Exercise prompt —
Return the data below exactly, please, but drop the pictures.
********
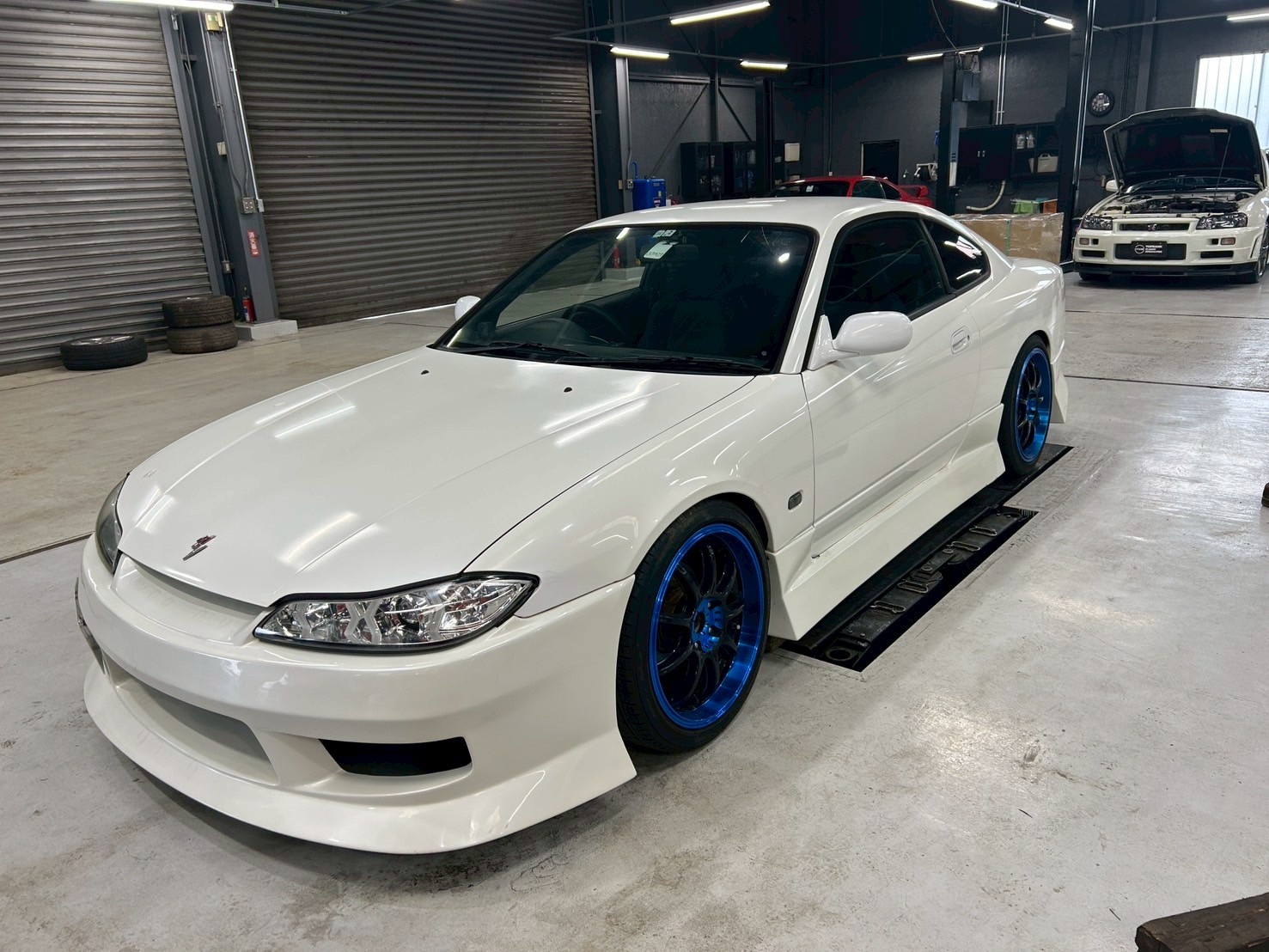 日産 シルビア 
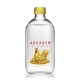 【大江生活】AQUAGEN海洋深層氣泡飲/氣泡水330mlx24入-氣定財聚限定版(聚財金雞12瓶 & 金運錢母12瓶)
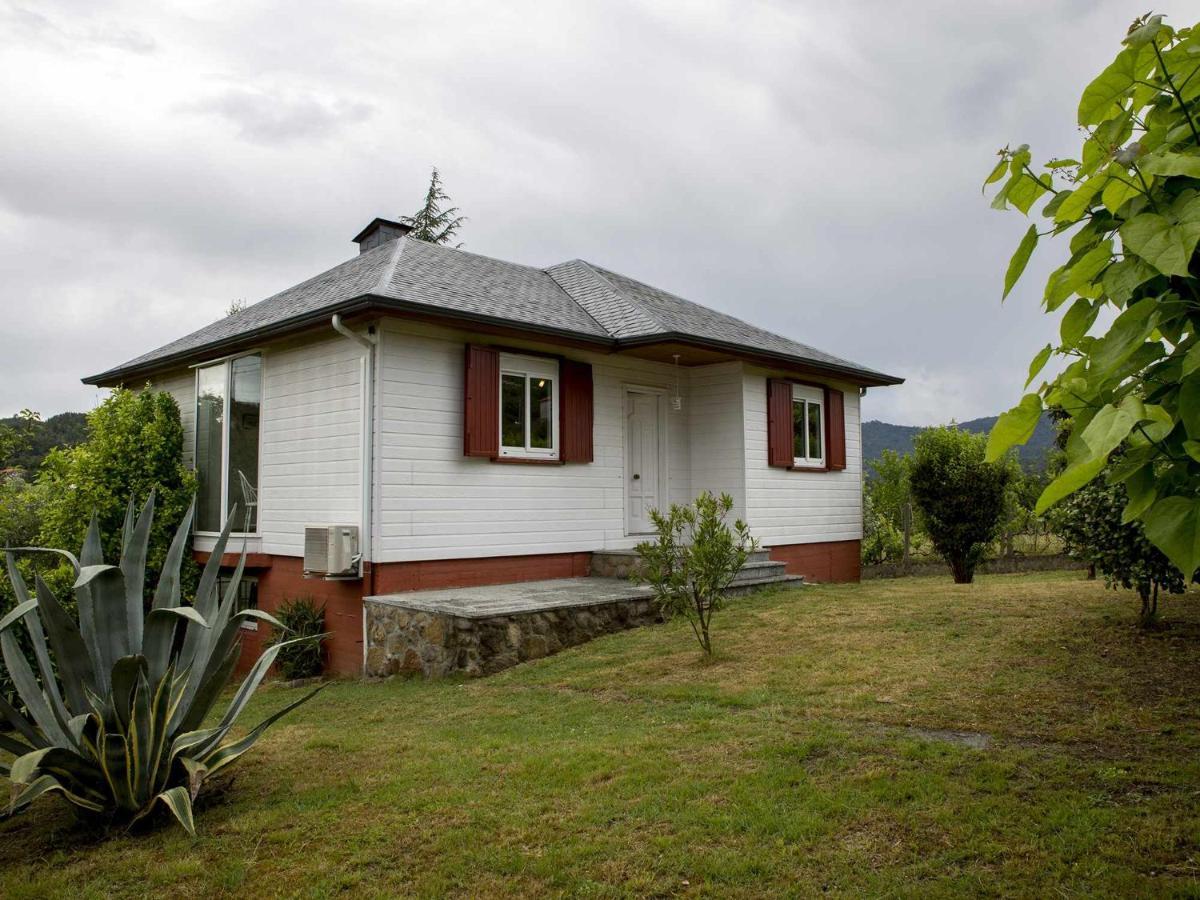 Homestay A Casina En Galicia Ourense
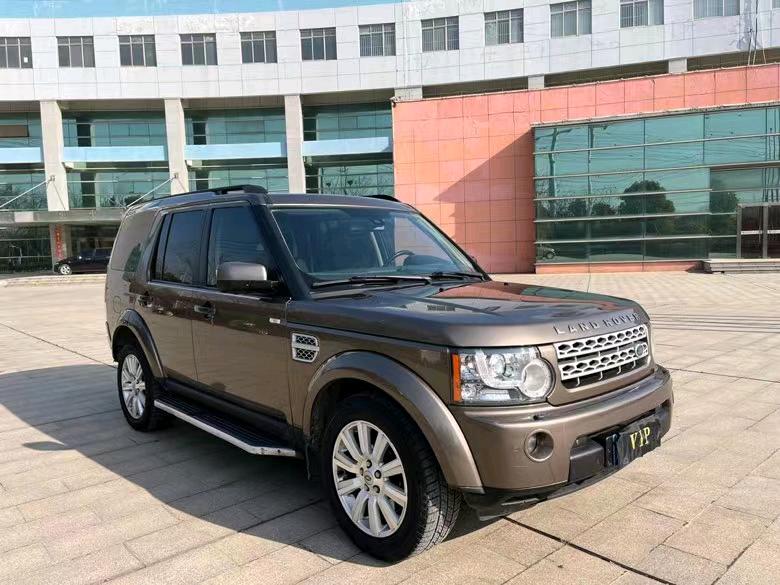 盐城14年路虎发现2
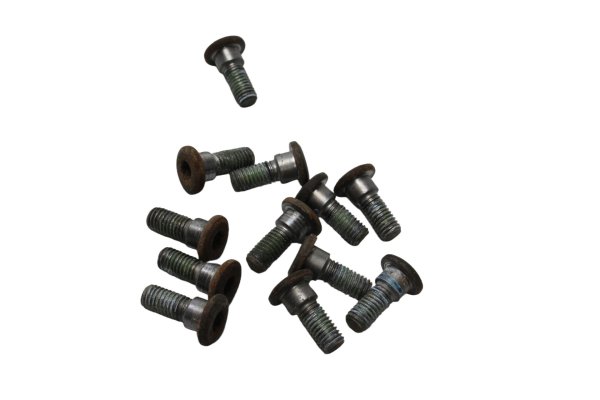 Remschijfbouten schroeven 12x voor achter Honda XRV 750 Africa Twin RD04 90-92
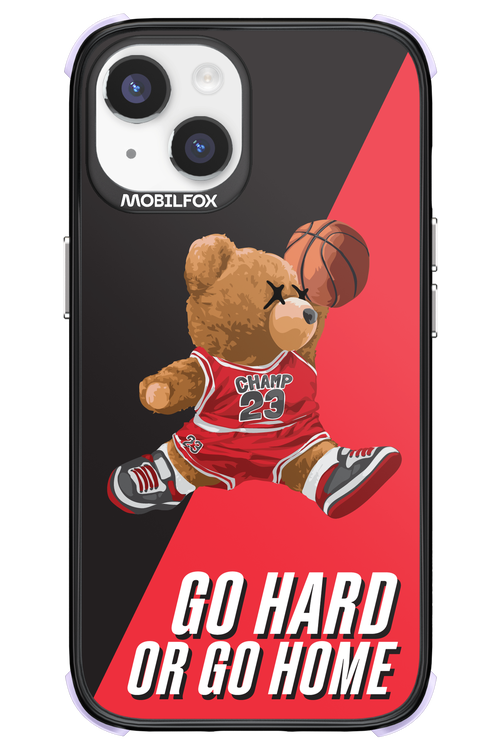 Go hard, or go home 2.0 - Apple iPhone 14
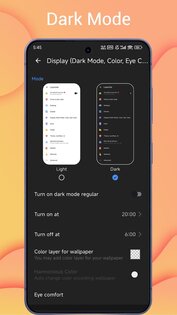 One S26 Launcher 5.3. Скриншот 6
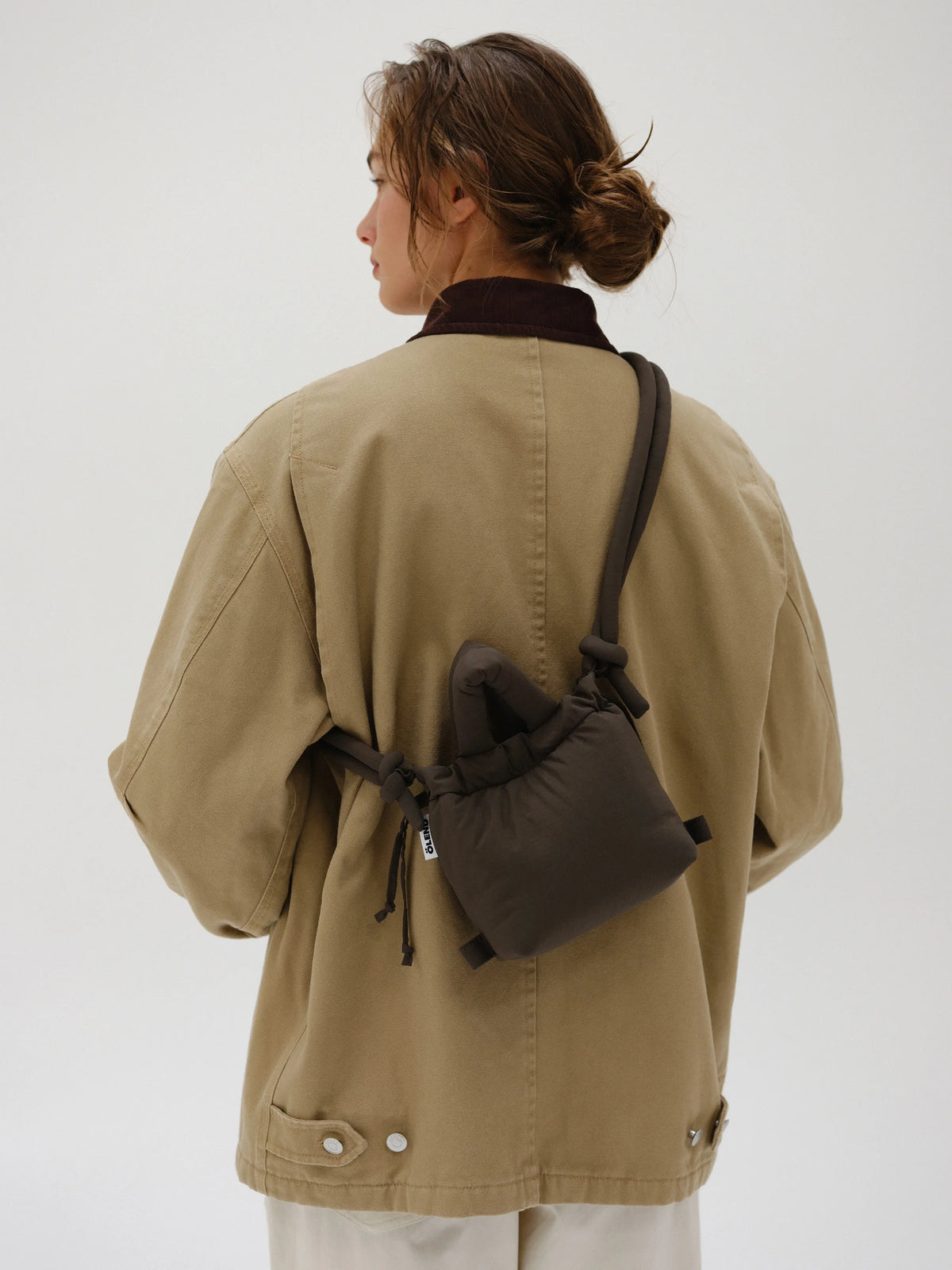 MicroOna Soft Bag - Forest Green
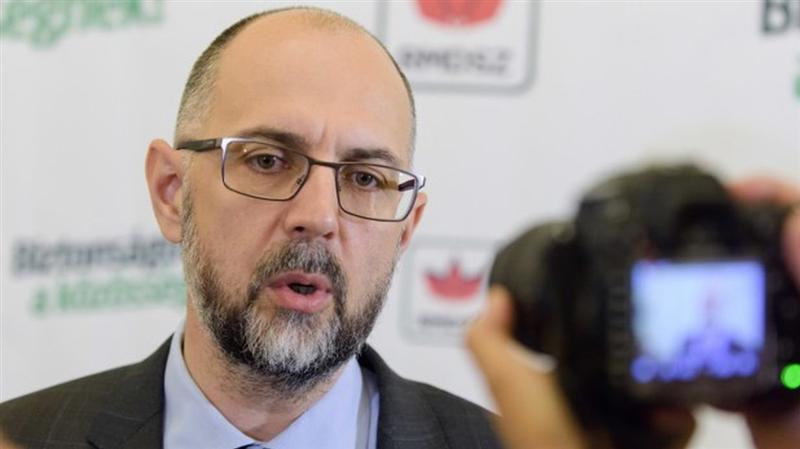 Kelemen Hunor: Situaţia maghiarilor din România nu este nici pe departe rezolvată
********
Your response —
 日産 シルビア 
 【大江生活】AQUAGEN海洋深層氣泡飲/氣泡水330mlx24入-氣定財聚限定版(聚財金雞12瓶 & 金運錢母12瓶)
 Homestay A Casina En Galicia Ourense
 盐城14年路虎发现2
 Remschijfbouten schroeven 12x voor achter Honda XRV 750 Africa Twin RD04 90-92
 Go hard, or go home 2.0 - Apple iPhone 14
 One S26 Launcher 5.3. Скриншот 6
 MicroOna Soft Bag - Forest Green
 Kelemen Hunor: Situaţia maghiarilor din România nu este nici pe departe rezolvată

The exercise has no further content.